20 de octubre de 2010

La última carta

La mujer tomó la carta que el cartero le ofrecía con una tímida sonrisa que no le hizo despegar la mirada de sus zapatos polvorientos. Él salió dando un leve traspié que habría resultado cómico en cualquier otra situación. Ella cerró la puerta con un suspiro y rasgó el sobre para ver quién le había enviado una carta después de tanto tiempo… sus ojos se abrieron como platos y estuvo muy cerca de golpearse en la cara con la hoja de la puerta al abrirla precipitadamente. El cartero apenas tuvo tiempo de prepararse para recibirla y el vecino de enfrente creyó que la mujer pretendía golpearle al verla correr.

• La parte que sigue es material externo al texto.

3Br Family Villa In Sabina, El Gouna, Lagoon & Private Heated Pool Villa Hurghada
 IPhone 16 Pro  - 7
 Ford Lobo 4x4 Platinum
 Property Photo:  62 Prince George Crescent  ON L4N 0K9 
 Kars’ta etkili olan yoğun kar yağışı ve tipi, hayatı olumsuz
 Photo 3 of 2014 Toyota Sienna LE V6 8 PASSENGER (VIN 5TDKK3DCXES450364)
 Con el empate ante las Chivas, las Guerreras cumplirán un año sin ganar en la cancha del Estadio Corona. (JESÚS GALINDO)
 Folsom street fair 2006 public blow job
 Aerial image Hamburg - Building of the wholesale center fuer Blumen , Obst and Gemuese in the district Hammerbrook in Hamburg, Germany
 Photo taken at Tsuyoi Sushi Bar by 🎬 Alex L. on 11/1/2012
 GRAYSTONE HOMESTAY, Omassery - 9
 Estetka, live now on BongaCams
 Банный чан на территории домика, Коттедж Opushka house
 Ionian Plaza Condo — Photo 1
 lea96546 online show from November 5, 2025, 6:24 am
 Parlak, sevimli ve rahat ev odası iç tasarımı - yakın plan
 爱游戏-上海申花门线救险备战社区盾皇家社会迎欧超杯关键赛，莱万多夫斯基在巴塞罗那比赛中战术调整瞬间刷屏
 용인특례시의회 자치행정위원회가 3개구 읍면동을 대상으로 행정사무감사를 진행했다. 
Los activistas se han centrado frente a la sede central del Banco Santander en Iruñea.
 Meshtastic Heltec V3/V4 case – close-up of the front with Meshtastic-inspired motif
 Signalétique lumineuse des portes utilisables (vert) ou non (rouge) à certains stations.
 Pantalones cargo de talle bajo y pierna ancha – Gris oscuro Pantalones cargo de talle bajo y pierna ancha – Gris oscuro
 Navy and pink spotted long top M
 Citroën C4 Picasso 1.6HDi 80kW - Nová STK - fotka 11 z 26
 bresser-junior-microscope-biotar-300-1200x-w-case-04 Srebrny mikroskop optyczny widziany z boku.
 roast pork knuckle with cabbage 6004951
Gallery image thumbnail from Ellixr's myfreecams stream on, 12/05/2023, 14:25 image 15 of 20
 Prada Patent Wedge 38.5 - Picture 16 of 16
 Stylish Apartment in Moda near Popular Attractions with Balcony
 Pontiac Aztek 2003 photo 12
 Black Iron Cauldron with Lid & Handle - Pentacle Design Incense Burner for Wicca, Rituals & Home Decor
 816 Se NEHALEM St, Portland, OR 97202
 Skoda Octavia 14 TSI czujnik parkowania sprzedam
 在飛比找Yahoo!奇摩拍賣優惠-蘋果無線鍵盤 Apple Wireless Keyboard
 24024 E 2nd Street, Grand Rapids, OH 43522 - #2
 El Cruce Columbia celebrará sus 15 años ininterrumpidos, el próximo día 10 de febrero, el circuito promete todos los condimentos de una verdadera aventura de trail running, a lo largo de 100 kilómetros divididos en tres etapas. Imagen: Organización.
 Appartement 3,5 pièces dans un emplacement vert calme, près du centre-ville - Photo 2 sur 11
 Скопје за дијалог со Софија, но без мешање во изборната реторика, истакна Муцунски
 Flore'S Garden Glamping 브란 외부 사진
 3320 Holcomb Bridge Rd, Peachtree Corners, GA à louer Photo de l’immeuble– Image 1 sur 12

-¡Sí! ¡Sí! –Gritó eufórica- ¡Claro que quiero casarme contigo!

La mirada del cartero se levantó de sus zapatos por primera vez en mucho tiempo y su sonrisa, esta vez mucho más amplia, fue sofocada por un beso de película ofrecido por su joven amada. Aquella a la que había regalado tantos y tantos versos anónimos. A su alrededor flotaron las cartas que aún no había repartido aquella mañana y que ya no llegarían a sus dueños hasta el día siguiente.